Потому что без денег — даже таких! — становилось еще хуже. Как именно, хорошо описал другой советский классик, Алексей Толстой:
«…Рощин подрядил фаэтон, который довез его до большого базара, раскинувшегося на выгоне. Тут же Вадим Петрович стал торговать жареную курицу у нахальной бабы… За жареную курицу она заломила пять карбованцев и сейчас же не захотела отдавать за деньги, а только за шпульку ниток.
— Да ты возьми у меня деньги, дура, — сказал ей Рощин, — нитки купишь, вон ходят, продают нитки…
— Некогда мне с воза отлучаться, спрячьте деньги, отойдите от товара…
Тогда он протолкался к чубастому военному человеку, увешанному оружием, который, шатаясь по базару, потряхивал на ладони двумя шпульками ниток. Мутно поглядев на Рощина, он прошеве-лил опухшими губами:
— Не. Меняю на спирт.
Так Рощину и не удалось купить курицу. На базаре шла преимущественно меновая торговля, чистейшее варварство, где стоимость определялась одной потребностью; за две иголки давали поросенка и еще чего-нибудь в придачу, а уж за суконные штаны без заплат продавец пил кровь у покупателя».

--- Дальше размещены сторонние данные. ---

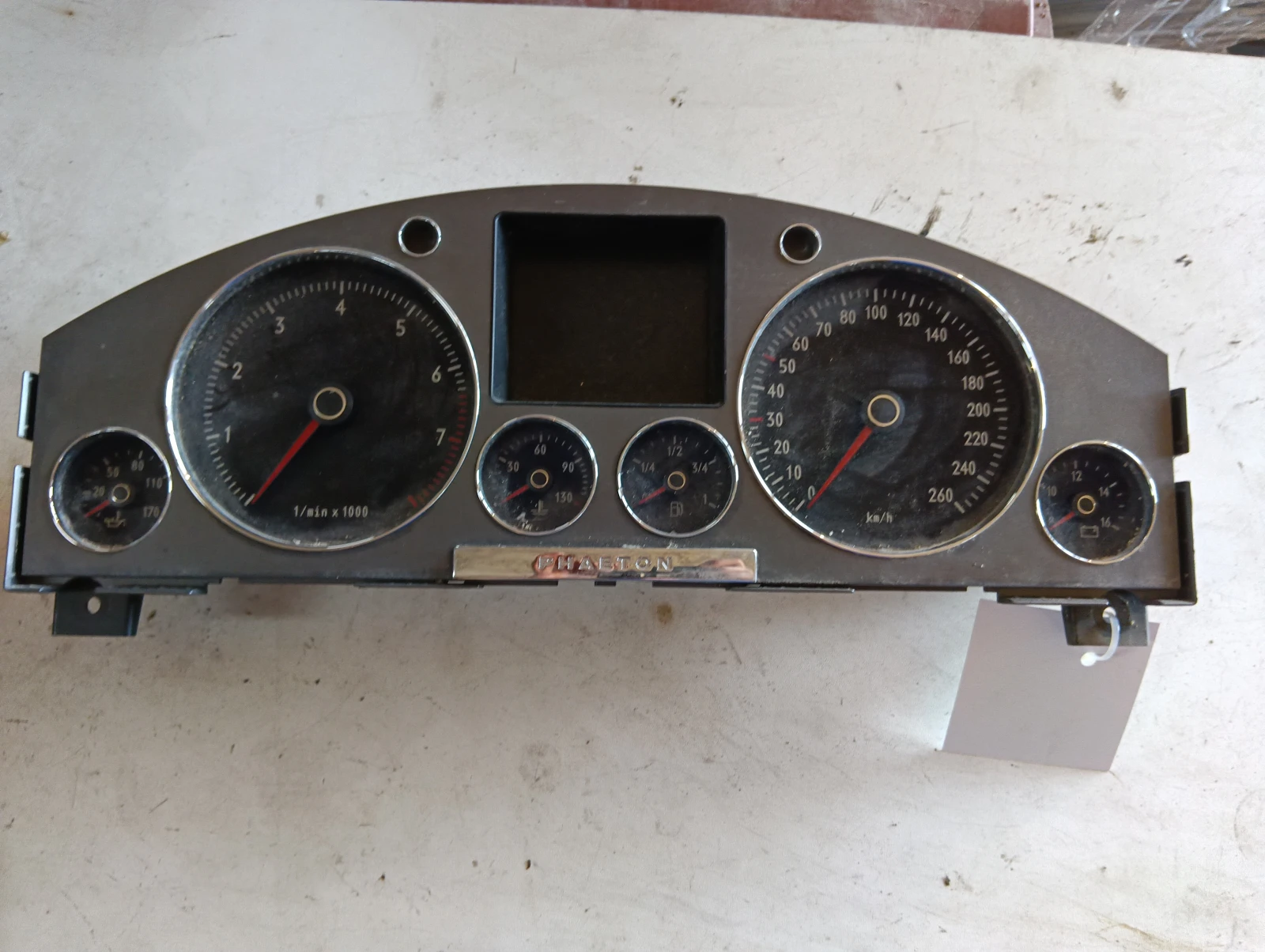 километраж 3D0920881R VW Phaeton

А одновременно золото, серебро, вообще все металлические деньги старались прятать. До сих пор изредка находят клады из золотых монет царской чеканки, зарытые в те страшные годы.
Так что все правильно: что оставалось делать хоть раввину, хоть наркомфину? Общегосударственных денег не было; каждая власть сталкивалась с необходимостью хоть на «своей» территории как-то обеспечить возможность что-то купить и продать.
Любая власть без денег — волей-неволей — власть-террорист, потому что без денег она будет не покупать, а отнимать. Крестьянам особенно не нравилось, когда у них забирали хлеб. И обрезы у крестьян были, и винтовки. В Тамбовский край с 1918 года красные просто боялись сунуться после продовольственной диктатуры и вызванного ею восстания.
Но когда деньги ничего не стоят, армию надо кормить, а без армии сам быстро лишишься власти, — тогда не только Троцкий и Колчак, но и любой «батька» волей-неволей начнет «реквизиции». Если он и вручит крестьянам пачку «валюты» собственного изготовления, он ведь заранее знает — никому эти «деньги» не нужны, разве что на самокрутки.
В общем, Гражданская война преподала два жестоких урока:
1) Без денег никак нельзя.
2) Чем страшнее смута, тем больше и финансовый кризис.
Логичный вопрос: а как же золотой запас России? Те 660 тонн золота, которые скопились у правительства к 1917 году? Сначала он был у большевиков… Но большевики воспользоваться им не успели.